Sachant que chaque objet de la vie quotidienne peut potentiellement se changer en tsukumogami, il en existe théoriquement une infinité. Certains types de tsukumogami sont cependant particulièrement célèbres :

  • Karakasa ou kasa-obake (唐傘) : tsukumogami des ombrelles, typiquement décrites avec un unique oeil, tirant la langue et avec une jambe à la place du manche. C'est probablement le tsukumogami le plus célèbre, il apparaît encore très fréquemment dans les films d'horreur asiatiques et dans les bandes dessinées.
  • Bakezōri (化け草履) : tsukumogami des sandales japonaises zōri, traditionnellement faites en paille de riz. Elles ont deux bras et deux jambes, ainsi qu'un oeil unique et une bouche au milieu de la semelle. Elles courent à travers la maison la nuit, en chantant "kararin, kororin, kankororin !".
  • Chōchin'obake (提灯お化け) : tsukumogami des lanternes japonaises en papier (chōchin). Elles sont dépeintes de manières variées, le plus souvent avec un visage et une bouche grande ouverte, plus rarement avec des membres.

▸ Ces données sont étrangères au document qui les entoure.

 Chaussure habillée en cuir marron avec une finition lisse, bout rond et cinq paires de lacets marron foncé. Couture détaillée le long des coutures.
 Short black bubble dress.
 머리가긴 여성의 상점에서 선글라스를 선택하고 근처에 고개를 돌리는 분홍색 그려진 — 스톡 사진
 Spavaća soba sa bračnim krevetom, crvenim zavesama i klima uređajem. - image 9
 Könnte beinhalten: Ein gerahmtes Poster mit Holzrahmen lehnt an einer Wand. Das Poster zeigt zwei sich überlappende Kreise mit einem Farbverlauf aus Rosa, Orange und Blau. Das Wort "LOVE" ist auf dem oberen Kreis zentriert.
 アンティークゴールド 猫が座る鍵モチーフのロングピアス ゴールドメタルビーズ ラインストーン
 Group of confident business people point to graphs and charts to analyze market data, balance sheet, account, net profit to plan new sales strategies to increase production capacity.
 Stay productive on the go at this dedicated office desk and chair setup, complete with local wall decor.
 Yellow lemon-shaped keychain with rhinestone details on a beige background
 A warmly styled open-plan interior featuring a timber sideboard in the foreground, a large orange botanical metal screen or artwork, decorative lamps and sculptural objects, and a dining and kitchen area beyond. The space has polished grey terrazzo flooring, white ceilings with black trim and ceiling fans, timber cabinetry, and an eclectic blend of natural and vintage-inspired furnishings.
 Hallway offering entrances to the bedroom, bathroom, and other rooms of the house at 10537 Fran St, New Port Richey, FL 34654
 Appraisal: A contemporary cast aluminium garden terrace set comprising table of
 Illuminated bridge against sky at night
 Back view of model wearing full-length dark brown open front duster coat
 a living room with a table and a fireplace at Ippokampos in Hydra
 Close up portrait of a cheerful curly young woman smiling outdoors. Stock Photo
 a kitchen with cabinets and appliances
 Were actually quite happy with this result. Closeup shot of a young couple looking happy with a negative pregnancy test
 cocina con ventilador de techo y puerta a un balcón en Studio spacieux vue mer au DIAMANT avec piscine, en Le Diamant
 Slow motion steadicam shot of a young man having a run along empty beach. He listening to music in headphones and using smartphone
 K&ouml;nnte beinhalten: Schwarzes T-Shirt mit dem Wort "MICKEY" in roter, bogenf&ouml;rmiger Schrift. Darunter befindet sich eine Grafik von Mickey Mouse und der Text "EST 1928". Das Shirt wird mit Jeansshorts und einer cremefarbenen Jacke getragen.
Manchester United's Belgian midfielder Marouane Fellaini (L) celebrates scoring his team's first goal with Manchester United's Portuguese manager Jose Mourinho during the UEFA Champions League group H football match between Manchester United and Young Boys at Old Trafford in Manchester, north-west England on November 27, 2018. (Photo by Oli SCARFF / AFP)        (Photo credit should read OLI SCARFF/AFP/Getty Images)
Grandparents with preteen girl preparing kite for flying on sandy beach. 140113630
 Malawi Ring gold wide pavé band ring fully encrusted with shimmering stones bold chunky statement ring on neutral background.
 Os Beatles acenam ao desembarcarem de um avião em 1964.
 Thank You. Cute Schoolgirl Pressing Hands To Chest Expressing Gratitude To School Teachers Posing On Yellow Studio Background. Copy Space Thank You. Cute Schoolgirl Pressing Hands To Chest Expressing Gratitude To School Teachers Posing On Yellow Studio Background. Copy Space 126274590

Cette liste n'est cependant pas exhaustive. On peut également citer les biwa-yanagi (tsukumogami des biwa, luths japonais), les morinji-no-okama (théières), les furu-utsubo (jarres à sake), les zorigami (horloges)...
La plupart de ces tsukumogami ont été popularisés (voire créés de toute pièce pour certains) par les peintres et les dessinateurs de l'ère Edo (1603-1868), qui mirent en image un très grand nombre de coutumes et croyances japonaises. On doit notamment à ces artistes les noms et le design particulier des tsukumogami, qui font maintenant parti de la tradition.


Une chōchin'obake (tsukumogami des lanternes), d'après la légende traditionnelle Yotsuya kaidan. Estampe de Shunbaisai Hokuei (XIXème siècle) extraite du recueil Hyaku Monogatari ("Cent histoires fantastiques").

Il n'existe que très peu de légendes traditionnelles mettant en scène des tsukumogami.

La plus connue est une otogizōshi (histoire traditionnelle) de l'ère Muromachi (1392-1573).
Un groupe d'objets dont les propriétaires se sont débarrassés lors d'un susuharai (grand nettoyage de la maison du mois de Décembre) prennent vie et, indignés d'avoir été ainsi jetés après tant d'années de bons et loyaux services, décident de se venger.
Un chapelet bouddhique nommé Ichiren Nyūdō tente de raisonner ses compagnons et les incite à voir leur situation comme une simple conséquence de leurs karmas. Mais ceux-ci ne l'écoutent pas et le battent jusqu'à ce que son fermoir casse, obligeant Ichiren à fuir.

Le vieux parchemin Kobun élabore un plan qui permet aux objets de se changer en tsukumogami.
Ils attendent la fête de Setsubun, qui marque le passage d'une saison à une autre ; en effet, suivant les théories ésotériques de l'Onmyōdō?, le yin et le yang s'inversent à cette période de l'année. Il suffit alors aux objets de rejeter l'âme qui les anime pour que le Dieu créateur leur fasse don d'un nouveau corps monstrueux.
Ainsi transformés en tsukumogami, les objets mènent à bien leur vengeance en dévorant leurs anciens propriétaires et en terrorisant la population.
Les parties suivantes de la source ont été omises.